The Cardiovascular Institute, Tokyo, Japan.
Department of Cardiology, National Hospital Organization Kyoto Medical Center, Kyoto, Japan.
PLoS One. 2023 Feb 8;18(2):e0280753. doi: 10.1371/journal.pone.0280753. eCollection 2023.
Although anticoagulants are indicated for many elderly patients with non-valvular atrial fibrillation (NVAF), some patients do not receive anticoagulant therapy, whose characteristics and outcomes are diverse.
In this sub-analysis of the All Nippon AF In the Elderly (ANAFIE) Registry, the phenotypes of patients who were not receiving anticoagulants at baseline were evaluated by cluster analysis using Ward's linkage hierarchical algorithm. Of 32,275 enrolled patients, 2445 (7.6%) were not receiving anticoagulants. Two clusters were identified: (1) elderly paroxysmal AF (PAF) patients with a high proportion of catheter ablation history (57%) and (2) very elderly patients with a high prevalence of previous major bleeding (43%). Respective mean ages were 80.9 and 84.2 years, mean CHA2DS2-VASc scores were 3.8 and 4.9, PAF prevalences were 100.0% and 31.4%, proportions of patients with catheter ablation history were 21.0% and 7.9%, and proportions of patients with a history of major bleeding were 4.0% and 10.8%. Annual incidence rates were 2.72% and 8.81% for all-cause death, 1.66% and 5.85% for major adverse cardiovascular or neurological events, 1.08% and 3.30% for stroke or systemic embolism, and 0.69% and 1.19% for major bleeding, respectively.

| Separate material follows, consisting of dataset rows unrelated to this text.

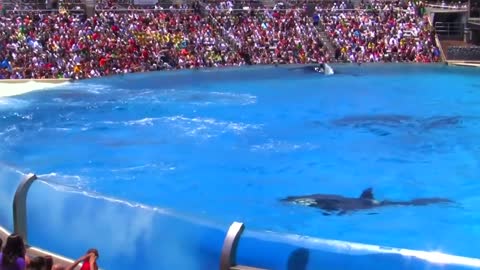 Seaworld SHAMU Killer Whale Show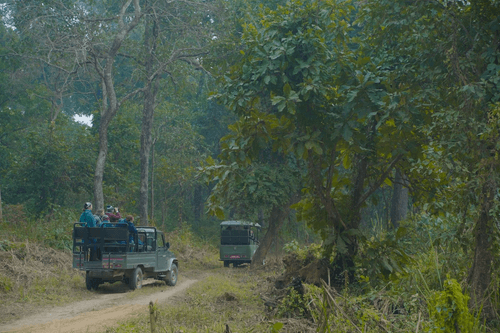 5 Nights / 6 Days - TigerQuest Nepal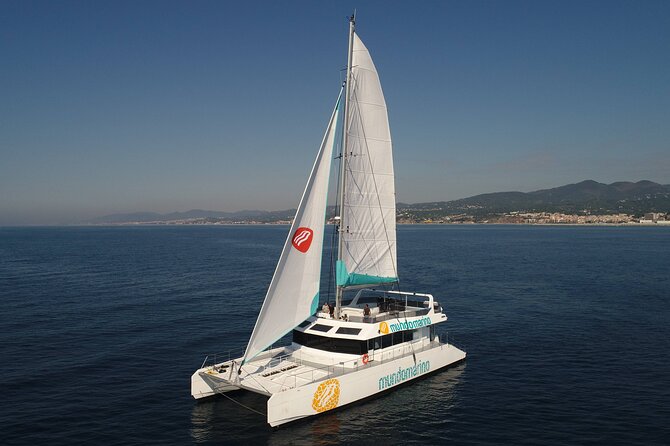 3-Hours Catamaran Tour in Malaga with Paella - Useful details for a smoother afternoon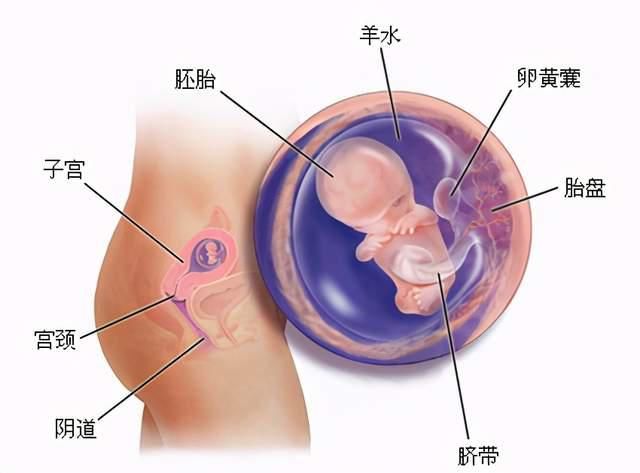 胎宝|怀孕三个月，胎宝从胚胎变成胎儿，孕妈和胎宝都发生了哪些变化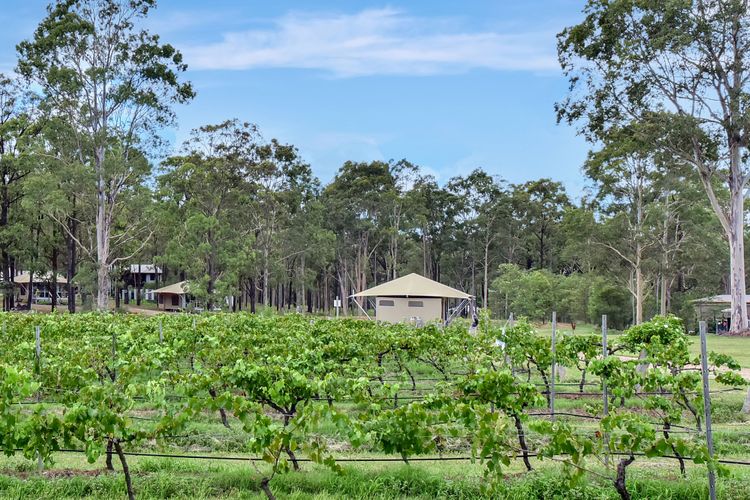 Verdelho – Pokolbin Glamping eco-friendly Sleeps 2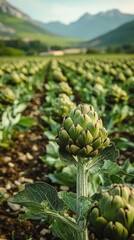 Fototapeta premium Artichoke field showcasing growth.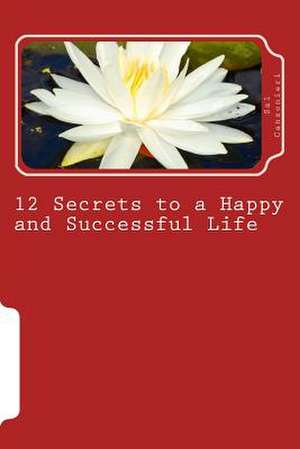 12 Secrets to a Happy and Successful Life de Salvatore Canzonieri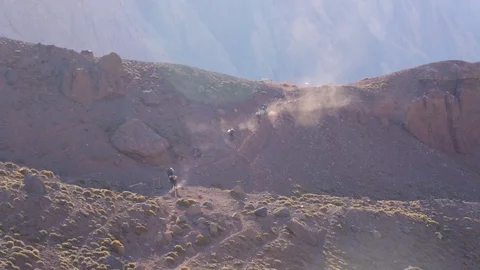 A line of horses carry cargo down a rocky hill on Aconcagua in Argentina Video stock 90879231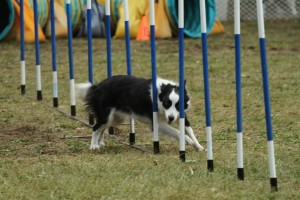 Keeper handles the weave pole with ease.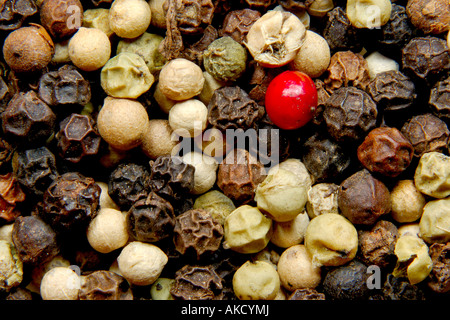 Haufen von gemischte Pfefferkörner mit einem Sinle rot grün weiß und schwarz Stockfoto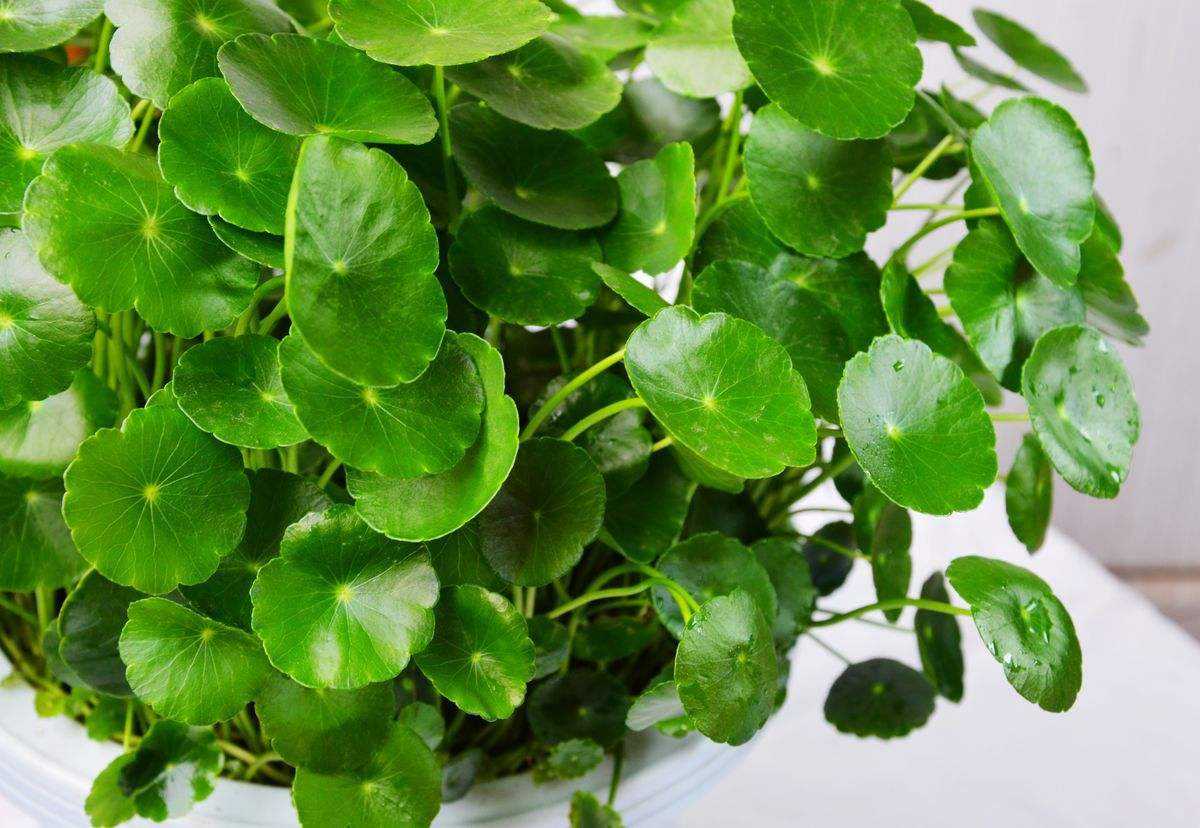 金钱草的种植技术和方法,金钱草种植技术及图片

In this cohort of elderly NVAF patients from the ANAFIE Registry who were not receiving anticoagulants, over half had PAF with a high proportion of catheter ablation history and a low incidence of adverse outcomes; for them, non-prescription of anticoagulants may be partially understandable, but they should be carefully monitored regarding AF burden or atrial cardiomyopathy and be adequately anticoagulated when adverse findings are detected. The remaining were very elderly patients with a high prevalence of previous major bleeding and a high incidence of adverse outcomes; for them, non-prescription of anticoagulants is inappropriate because of the high thromboembolic risk.

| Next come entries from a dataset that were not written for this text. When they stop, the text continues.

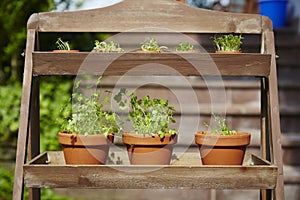 Fresh herbage in pots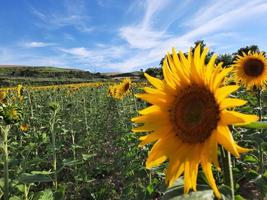 hermoso campo de girasoles, escena rural foto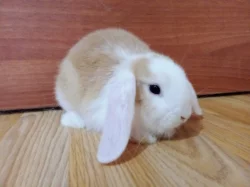 Zakrslý beránek minilop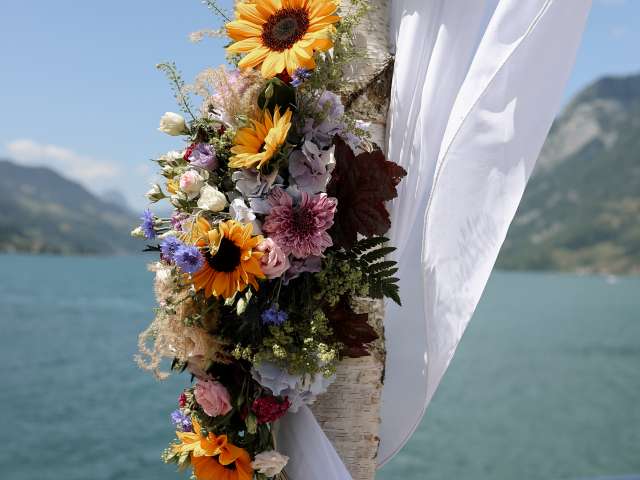 Blumen Vergissmeinnicht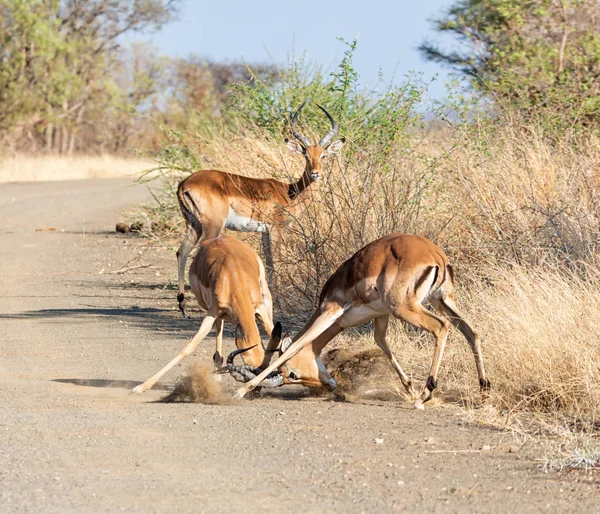 Impala Beranů Boj Polní Cestě Jižní Africe — Stock fotografie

Registration: http://www.umin.ac.jp/; Unique identifier: UMIN000024006.
尽管抗凝剂适用于许多患有非瓣膜性心房颤动(NVAF)的老年患者,但仍有部分患者未接受抗凝治疗,这些患者的特征和结局存在差异。

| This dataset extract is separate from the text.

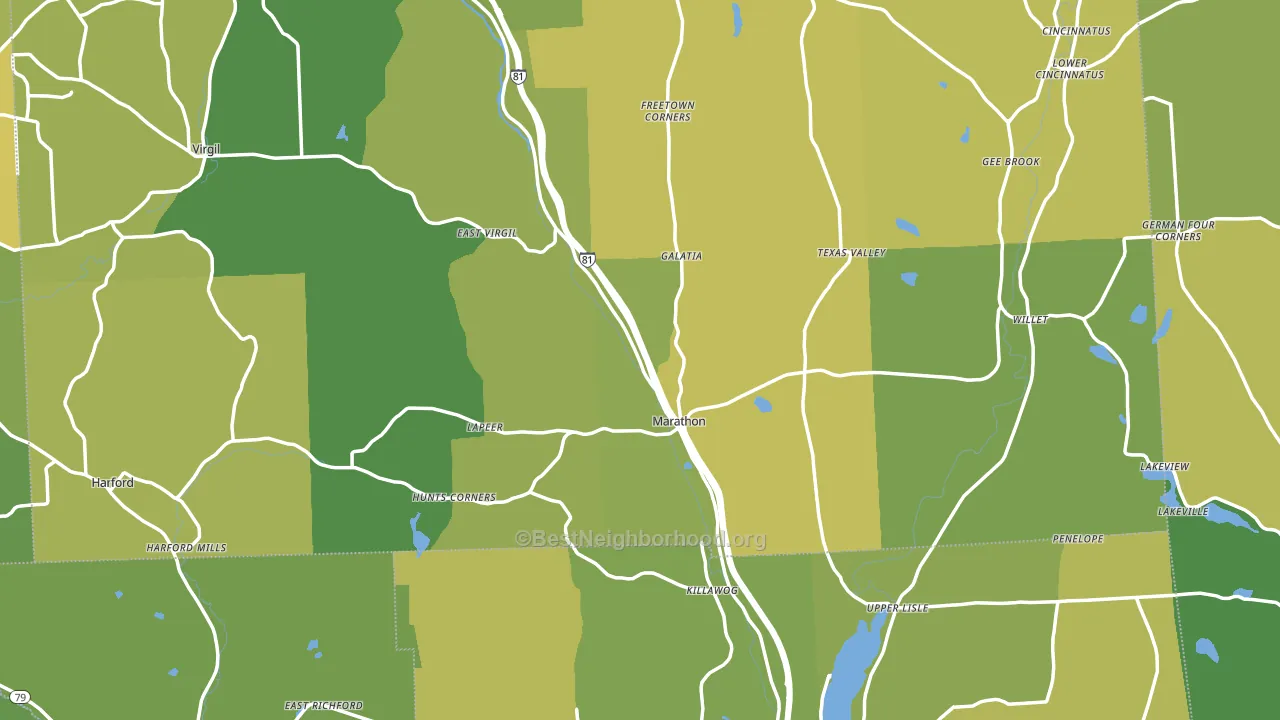 Marathon, NY block-group voter-turnout map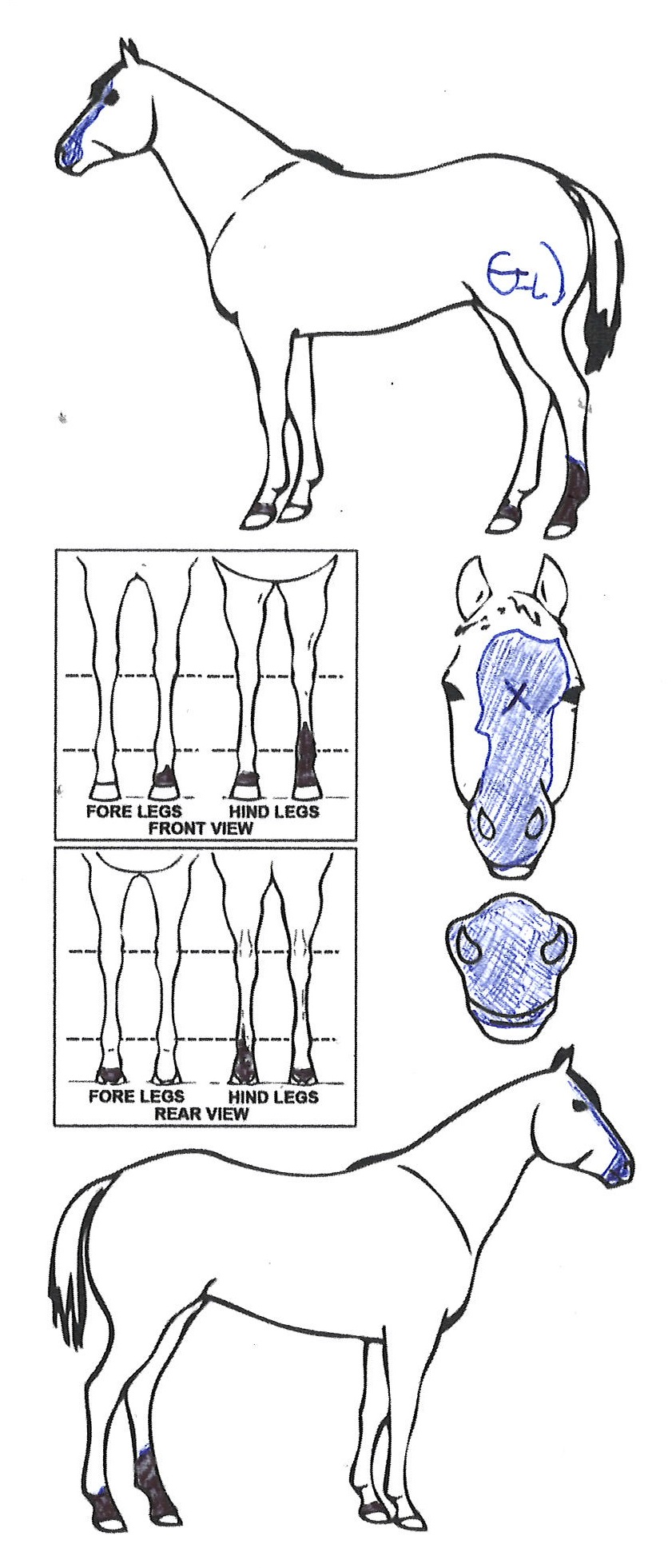 Animals Marking Image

本研究为 ANAFIE 注册研究的亚组分析,采用 Ward 链接层次算法的聚类分析评估了基线时未接受抗凝治疗患者的表型。在纳入的 32275 例患者中,2445 例(7.6%)未接受抗凝治疗。确定了 2 个聚类:(1)老年阵发性 AF(PAF)患者,既往导管消融史比例较高(57%);(2)高龄患者,既往大出血比例较高(43%)。相应的平均年龄分别为 80.9 岁和 84.2 岁,平均 CHA2DS2-VASc 评分为 3.8 分和 4.9 分,PAF 患病率分别为 100.0%和 31.4%,导管消融史比例分别为 21.0%和 7.9%,大出血史比例分别为 4.0%和 10.8%。全因死亡的年发生率分别为 2.72%和 8.81%,主要心血管或神经不良事件分别为 1.66%和 5.85%,卒中或全身性栓塞分别为 1.08%和 3.30%,大出血分别为 0.69%和 1.19%。
在 ANAFIE 注册研究中,未接受抗凝治疗的老年 NVAF 患者中,超过一半的患者患有 PAF,且既往导管消融史比例较高,不良结局发生率较低;对于这些患者,不处方抗凝剂可能部分可以理解,但应密切监测 AF 负荷或心房心肌病,并在发现不良结果时充分抗凝。其余患者为高龄,既往大出血发生率较高,不良结局发生率较高;对于这些患者,由于血栓栓塞风险较高,不处方抗凝剂是不合适的。